Après la guerre, Irène Joliot-Curie fit figure de « compagnon de route » du Parti communiste (parti auquel elle n’adhéra pas à la différence de son mari). Elle appuya de son autorité les manifestations du Mouvement de la Paix, de l’Union des Femmes françaises, de la Fédération démocratique internationale des femmes. En août 1948, elle figura dans la délégation française du congrès mondial des intellectuels pour la paix réunie à Wroclaw. Elle déclara publiquement sa sympathie pour le communisme, notamment au cours d’un voyage aux États-Unis, en mai 1948, ce qui inquiéta les autorités américaines.

Irène Joliot-Curie s’éleva contre l’utilisation de la science à des fins destructives et participa aux campagnes du Mouvement de la Paix pour l’interdiction des armes atomiques et thermonucléaires. En 1951, elle appela à voter communiste.

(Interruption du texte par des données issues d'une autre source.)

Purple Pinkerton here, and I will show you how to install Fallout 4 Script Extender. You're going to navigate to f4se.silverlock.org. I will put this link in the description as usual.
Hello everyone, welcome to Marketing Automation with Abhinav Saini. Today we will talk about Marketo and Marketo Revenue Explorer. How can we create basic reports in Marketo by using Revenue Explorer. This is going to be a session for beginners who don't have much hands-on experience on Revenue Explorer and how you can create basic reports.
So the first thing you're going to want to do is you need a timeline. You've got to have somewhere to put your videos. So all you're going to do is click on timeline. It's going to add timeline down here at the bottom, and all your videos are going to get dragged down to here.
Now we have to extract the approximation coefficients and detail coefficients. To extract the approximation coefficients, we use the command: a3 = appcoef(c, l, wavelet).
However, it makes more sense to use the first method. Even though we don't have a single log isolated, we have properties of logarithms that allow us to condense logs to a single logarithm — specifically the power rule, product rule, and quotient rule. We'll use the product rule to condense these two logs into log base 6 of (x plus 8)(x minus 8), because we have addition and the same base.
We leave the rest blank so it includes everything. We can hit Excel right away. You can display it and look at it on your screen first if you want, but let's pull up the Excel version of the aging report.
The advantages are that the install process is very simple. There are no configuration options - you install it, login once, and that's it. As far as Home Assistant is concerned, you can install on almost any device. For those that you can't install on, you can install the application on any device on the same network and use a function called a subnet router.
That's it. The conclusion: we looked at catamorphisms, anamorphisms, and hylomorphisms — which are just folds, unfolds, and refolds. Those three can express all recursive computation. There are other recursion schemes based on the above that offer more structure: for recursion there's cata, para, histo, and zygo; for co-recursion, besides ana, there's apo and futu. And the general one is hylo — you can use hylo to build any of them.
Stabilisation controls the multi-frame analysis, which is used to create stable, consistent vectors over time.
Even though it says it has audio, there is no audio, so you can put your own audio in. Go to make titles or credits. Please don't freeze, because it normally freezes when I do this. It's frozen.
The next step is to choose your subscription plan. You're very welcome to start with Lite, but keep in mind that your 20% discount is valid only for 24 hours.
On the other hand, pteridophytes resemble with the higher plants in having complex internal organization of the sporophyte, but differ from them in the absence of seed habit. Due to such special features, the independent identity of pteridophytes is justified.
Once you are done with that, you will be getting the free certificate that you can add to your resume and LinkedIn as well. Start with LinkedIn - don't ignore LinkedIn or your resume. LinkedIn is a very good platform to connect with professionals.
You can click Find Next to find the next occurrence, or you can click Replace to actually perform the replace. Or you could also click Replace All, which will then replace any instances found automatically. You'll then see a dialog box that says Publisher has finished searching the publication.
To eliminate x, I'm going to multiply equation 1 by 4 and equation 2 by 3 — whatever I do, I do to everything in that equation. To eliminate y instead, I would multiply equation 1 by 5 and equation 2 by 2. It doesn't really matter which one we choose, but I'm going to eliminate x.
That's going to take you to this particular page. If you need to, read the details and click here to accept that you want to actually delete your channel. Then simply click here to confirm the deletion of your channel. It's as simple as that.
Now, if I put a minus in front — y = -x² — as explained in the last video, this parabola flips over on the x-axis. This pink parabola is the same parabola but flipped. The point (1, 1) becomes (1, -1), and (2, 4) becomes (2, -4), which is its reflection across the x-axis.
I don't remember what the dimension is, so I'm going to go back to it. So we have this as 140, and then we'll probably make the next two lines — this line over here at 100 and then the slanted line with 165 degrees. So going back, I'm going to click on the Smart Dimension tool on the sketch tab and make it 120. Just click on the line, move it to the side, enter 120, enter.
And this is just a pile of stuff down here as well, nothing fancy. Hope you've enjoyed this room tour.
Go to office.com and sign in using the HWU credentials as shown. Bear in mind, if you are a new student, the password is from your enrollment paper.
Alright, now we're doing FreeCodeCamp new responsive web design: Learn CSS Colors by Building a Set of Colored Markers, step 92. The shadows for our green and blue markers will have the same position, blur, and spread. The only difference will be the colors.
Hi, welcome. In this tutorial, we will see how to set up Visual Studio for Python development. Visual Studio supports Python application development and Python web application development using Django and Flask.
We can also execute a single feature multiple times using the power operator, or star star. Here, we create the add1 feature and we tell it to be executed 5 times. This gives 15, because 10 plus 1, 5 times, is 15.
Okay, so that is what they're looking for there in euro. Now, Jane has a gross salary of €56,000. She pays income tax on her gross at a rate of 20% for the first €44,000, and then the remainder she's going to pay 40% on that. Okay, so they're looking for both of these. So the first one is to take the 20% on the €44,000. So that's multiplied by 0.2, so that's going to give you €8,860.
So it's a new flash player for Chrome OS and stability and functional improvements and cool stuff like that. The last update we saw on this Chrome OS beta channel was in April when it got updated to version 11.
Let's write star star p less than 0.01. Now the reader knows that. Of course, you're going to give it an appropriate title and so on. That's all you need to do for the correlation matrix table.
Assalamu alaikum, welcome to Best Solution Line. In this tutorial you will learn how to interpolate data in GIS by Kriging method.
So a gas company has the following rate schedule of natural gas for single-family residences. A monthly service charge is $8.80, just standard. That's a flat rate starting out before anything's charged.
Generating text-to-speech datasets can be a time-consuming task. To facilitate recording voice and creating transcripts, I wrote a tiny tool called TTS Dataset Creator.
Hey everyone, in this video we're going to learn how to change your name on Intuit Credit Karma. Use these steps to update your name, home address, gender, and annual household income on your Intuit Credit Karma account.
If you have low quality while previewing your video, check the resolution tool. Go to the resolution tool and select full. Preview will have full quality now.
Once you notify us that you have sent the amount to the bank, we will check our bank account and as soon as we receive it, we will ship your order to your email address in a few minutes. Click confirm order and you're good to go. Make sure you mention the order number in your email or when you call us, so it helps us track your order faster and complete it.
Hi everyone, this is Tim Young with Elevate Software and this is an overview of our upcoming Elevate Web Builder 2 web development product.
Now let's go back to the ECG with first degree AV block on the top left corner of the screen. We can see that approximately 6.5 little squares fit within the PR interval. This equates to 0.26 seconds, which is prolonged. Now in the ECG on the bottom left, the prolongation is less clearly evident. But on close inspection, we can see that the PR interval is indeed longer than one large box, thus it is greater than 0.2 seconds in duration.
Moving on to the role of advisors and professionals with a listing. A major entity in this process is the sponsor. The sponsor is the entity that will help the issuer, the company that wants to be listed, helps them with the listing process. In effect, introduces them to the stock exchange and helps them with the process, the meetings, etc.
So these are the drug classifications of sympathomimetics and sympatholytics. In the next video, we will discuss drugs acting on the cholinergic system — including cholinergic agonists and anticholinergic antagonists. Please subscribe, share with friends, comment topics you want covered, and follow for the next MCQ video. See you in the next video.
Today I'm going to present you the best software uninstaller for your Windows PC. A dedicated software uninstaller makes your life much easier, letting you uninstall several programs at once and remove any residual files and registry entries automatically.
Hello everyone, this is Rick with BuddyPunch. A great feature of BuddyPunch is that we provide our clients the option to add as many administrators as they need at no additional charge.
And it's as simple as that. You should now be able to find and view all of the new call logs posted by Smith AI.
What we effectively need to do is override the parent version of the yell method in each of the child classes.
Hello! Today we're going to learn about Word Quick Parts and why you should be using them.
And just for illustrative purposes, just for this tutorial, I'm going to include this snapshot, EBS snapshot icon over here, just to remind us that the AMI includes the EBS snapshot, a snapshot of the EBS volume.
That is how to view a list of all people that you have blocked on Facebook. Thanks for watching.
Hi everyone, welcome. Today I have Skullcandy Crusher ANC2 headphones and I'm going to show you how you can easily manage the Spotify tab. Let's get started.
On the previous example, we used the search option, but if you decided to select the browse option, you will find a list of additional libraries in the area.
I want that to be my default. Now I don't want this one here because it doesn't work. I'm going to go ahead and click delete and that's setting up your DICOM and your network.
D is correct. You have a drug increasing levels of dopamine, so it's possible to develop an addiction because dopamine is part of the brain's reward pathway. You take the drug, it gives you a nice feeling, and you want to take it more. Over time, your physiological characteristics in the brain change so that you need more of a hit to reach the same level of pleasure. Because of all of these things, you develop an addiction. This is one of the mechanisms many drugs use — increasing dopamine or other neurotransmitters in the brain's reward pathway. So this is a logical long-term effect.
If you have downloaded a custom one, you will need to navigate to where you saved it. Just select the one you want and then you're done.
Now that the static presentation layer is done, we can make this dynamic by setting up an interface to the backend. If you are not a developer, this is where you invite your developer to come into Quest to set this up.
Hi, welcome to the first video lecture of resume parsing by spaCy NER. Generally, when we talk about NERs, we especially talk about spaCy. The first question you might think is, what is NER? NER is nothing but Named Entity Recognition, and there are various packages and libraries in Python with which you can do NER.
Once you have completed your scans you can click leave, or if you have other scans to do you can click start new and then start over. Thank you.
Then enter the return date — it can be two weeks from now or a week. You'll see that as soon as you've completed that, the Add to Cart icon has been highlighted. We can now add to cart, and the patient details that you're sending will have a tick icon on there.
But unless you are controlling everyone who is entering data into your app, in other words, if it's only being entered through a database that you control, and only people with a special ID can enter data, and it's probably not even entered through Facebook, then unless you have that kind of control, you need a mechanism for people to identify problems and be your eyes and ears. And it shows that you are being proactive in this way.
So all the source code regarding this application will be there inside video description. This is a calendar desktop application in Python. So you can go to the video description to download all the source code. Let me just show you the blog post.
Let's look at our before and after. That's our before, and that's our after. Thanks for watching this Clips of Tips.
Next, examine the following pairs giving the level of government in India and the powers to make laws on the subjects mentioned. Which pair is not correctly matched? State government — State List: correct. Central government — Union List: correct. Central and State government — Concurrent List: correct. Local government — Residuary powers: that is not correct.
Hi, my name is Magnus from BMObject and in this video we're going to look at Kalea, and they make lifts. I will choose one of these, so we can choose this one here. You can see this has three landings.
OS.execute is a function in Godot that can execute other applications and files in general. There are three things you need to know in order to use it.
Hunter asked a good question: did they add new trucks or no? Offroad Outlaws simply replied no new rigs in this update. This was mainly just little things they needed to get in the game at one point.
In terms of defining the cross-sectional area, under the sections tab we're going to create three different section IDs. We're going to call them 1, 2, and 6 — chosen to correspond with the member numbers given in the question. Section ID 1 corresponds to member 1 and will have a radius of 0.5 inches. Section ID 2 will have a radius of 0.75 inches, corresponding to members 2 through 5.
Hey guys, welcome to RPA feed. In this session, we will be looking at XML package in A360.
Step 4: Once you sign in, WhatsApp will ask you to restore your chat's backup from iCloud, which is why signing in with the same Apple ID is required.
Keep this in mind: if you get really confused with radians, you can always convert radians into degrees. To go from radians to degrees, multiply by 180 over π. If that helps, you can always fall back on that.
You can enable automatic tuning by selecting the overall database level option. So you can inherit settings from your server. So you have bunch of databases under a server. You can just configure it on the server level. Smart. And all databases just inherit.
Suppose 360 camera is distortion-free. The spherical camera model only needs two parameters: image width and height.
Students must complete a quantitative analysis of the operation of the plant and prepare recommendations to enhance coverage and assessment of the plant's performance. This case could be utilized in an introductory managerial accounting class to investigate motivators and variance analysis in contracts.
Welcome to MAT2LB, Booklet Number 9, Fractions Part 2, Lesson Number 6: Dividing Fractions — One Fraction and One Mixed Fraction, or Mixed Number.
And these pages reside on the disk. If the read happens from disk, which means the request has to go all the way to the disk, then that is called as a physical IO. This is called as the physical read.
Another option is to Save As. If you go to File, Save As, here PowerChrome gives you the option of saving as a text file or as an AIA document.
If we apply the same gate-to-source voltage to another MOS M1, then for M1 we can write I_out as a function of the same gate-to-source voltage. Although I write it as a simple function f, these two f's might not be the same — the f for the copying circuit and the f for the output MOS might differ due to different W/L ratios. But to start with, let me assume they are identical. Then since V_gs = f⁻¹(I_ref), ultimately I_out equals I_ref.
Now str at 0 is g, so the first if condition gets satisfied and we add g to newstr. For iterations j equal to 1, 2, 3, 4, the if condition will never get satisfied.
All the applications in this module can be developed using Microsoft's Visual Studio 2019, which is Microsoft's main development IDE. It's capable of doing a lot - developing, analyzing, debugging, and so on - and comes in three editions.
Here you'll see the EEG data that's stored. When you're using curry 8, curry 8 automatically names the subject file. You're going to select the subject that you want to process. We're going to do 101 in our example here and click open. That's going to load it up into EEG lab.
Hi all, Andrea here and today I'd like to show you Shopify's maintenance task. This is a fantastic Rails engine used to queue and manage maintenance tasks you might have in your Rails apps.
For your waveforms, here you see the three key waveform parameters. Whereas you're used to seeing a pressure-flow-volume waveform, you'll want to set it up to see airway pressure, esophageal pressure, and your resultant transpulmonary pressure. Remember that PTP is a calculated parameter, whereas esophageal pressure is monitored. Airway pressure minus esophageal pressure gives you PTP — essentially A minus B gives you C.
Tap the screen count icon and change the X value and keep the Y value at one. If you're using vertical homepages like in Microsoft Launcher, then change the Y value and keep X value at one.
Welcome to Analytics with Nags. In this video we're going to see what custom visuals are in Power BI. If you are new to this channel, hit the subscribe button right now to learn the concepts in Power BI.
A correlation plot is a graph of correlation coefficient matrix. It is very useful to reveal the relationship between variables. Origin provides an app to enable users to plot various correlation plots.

Professeur à la Sorbonne, directrice de l’Institut du Radium, elle s’intéressa au développement d’un centre d’études nucléaires, centre qui devait s’édifier à Orsay. Le 17 mars 1956, elle mourut à l’hôpital Curie de leucémie, leucémie provoquée par les travaux effectués depuis de longues années sur les radiations. Le gouvernement lui organisa des obsèques nationales qui eurent lieu le 21 mars 1956 dans la cour de la Sorbonne. Elle fut inhumée à Sceaux, auprès de Pierre et Marie Curie.